Current storables cache size in bytes. This value may change (and will usually increase) with every use of a PyMuPDF function. It will (automatically) decrease only when Tools.store_maxize is going to be exceeded: in this case, MuPDF will evict low-usage objects until the value is again in range.

Return type

int

Example Session

::
>>> import fitz
# print the maximum and current cache sizes
>>> fitz.TOOLS.store_maxsize
268435456
>>> fitz.TOOLS.store_size
0
>>> doc = fitz.open("demo1.pdf")
# pixmap creation puts lots of object in cache (text, images, fonts),
# apart from the pixmap itself
>>> pix = doc[0].get_pixmap(alpha=False)
>>> fitz.TOOLS.store_size
454519
# release (at least) 50% of the storage
>>> fitz.TOOLS.store_shrink(50)
13471
>>> fitz.TOOLS.store_size
13471
# get a few unique numbers
>>> fitz.TOOLS.gen_id()
1
>>> fitz.TOOLS.gen_id()
2
>>> fitz.TOOLS.gen_id()
3
# close document and see how much cache is still in use
>>> doc.close()
>>> fitz.TOOLS.store_size
0
>>>

Footnotes

1

This memory area is internally used by MuPDF, and it serves as a cache for objects that have already been read and interpreted, thus improving performance.
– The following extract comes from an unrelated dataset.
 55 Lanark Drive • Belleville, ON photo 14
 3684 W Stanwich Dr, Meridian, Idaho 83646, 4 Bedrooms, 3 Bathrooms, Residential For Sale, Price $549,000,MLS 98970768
The most bulky object types are images and also fonts. When an application starts up the MuPDF library (in our case this happens as part of import fitz), it must specify a maximum size for this area. PyMuPDF’s uses the default value (256 MB) to limit memory consumption. Use the methods here to control or investigate store usage. For example: even after a document has been closed and all related objects have been deleted, the store usage may still not drop down to zero. So you might want to enforce that before opening another document.

2

Optionally, all dynamic management of memory can be done using Python C-level calls. MuPDF offers a hook to insert user-preferred memory managers. We are using option this for Python version 3 since PyMuPDF v1.13.19. At the same time, all memory allocation in PyMuPDF itself is also routed to Python (i.e. no more direct malloc() calls in the code). We have seen improved memory usage and slightly reduced runtimes with this option set. If you want to change this, you can set #define JM_MEMORY 0 (uses standard C malloc, or 1 for Python allocation )in file fitz.i and then generate PyMuPDF.